[Start of Attachment]

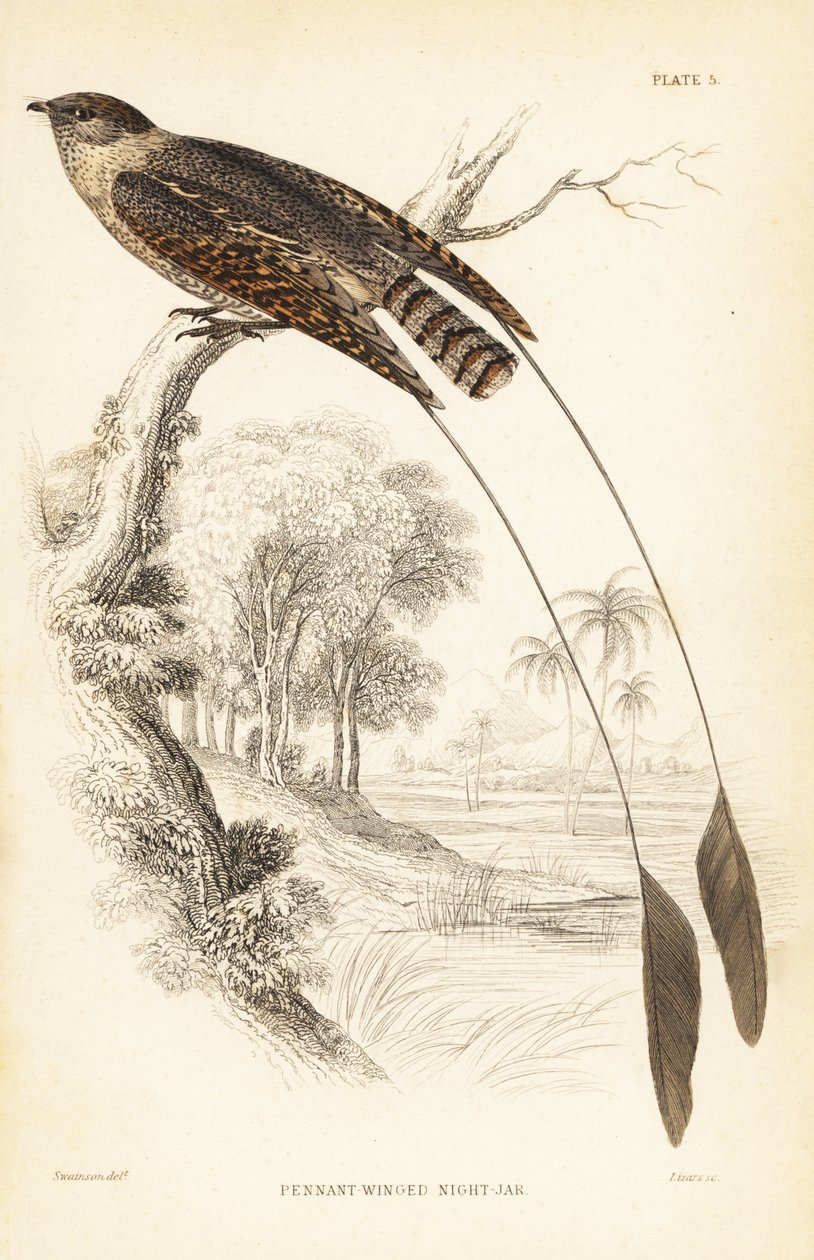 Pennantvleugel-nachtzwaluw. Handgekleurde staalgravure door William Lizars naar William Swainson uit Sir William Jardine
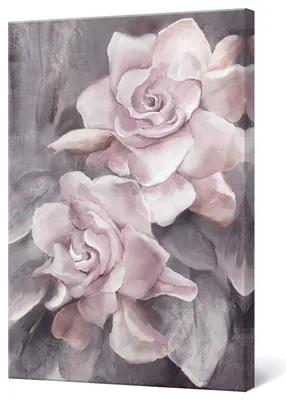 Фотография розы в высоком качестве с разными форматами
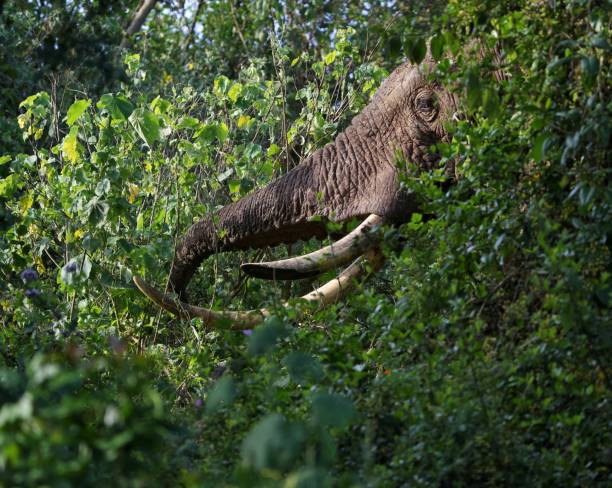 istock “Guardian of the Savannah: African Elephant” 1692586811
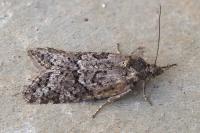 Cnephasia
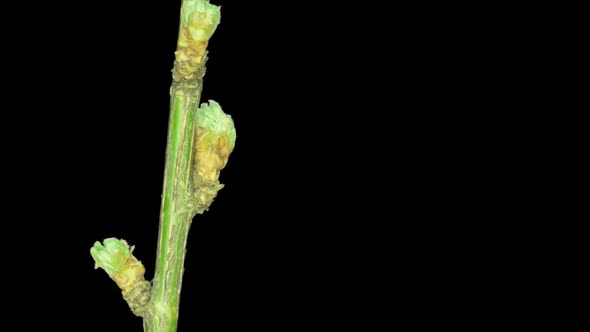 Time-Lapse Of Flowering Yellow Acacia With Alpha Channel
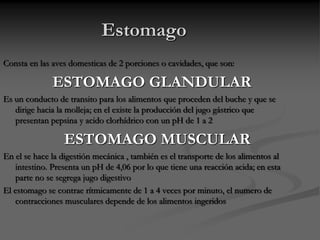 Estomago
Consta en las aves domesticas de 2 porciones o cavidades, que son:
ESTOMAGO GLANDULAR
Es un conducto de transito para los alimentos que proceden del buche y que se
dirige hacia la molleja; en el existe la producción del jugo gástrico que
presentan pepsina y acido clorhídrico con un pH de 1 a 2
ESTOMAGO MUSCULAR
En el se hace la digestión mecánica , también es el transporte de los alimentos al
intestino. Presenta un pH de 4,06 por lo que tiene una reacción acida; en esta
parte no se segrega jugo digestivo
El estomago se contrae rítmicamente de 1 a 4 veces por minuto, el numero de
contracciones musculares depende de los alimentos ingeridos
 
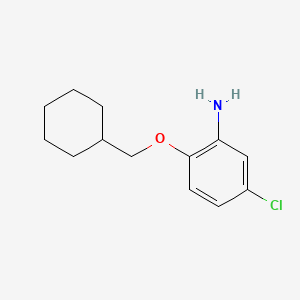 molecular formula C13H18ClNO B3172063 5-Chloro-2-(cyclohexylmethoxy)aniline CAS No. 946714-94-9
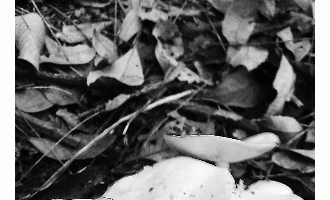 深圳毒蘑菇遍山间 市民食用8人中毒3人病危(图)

[End of Attachment]

- **TASK INSTRUCTIONS**: When you write out the material again, keep every word exact and omit the pictures.

- **RESULT OF THE EXERCISE**:
 Pennantvleugel-nachtzwaluw. Handgekleurde staalgravure door William Lizars naar William Swainson uit Sir William Jardine
 Фотография розы в высоком качестве с разными форматами
 istock “Guardian of the Savannah: African Elephant” 1692586811
 Cnephasia
 Time-Lapse Of Flowering Yellow Acacia With Alpha Channel
 Estomago
Consta en las aves domesticas de 2 porciones o cavidades, que son:
ESTOMAGO GLANDULAR
Es un conducto de transito para los alimentos que proceden del buche y que se
dirige hacia la molleja; en el existe la producción del jugo gástrico que
presentan pepsina y acido clorhídrico con un pH de 1 a 2
ESTOMAGO MUSCULAR
En el se hace la digestión mecánica , también es el transporte de los alimentos al
intestino. Presenta un pH de 4,06 por lo que tiene una reacción acida; en esta
parte no se segrega jugo digestivo
El estomago se contrae rítmicamente de 1 a 4 veces por minuto, el numero de
contracciones musculares depende de los alimentos ingeridos
 
 molecular formula C13H18ClNO B3172063 5-Chloro-2-(cyclohexylmethoxy)aniline CAS No. 946714-94-9
 深圳毒蘑菇遍山间 市民食用8人中毒3人病危(图)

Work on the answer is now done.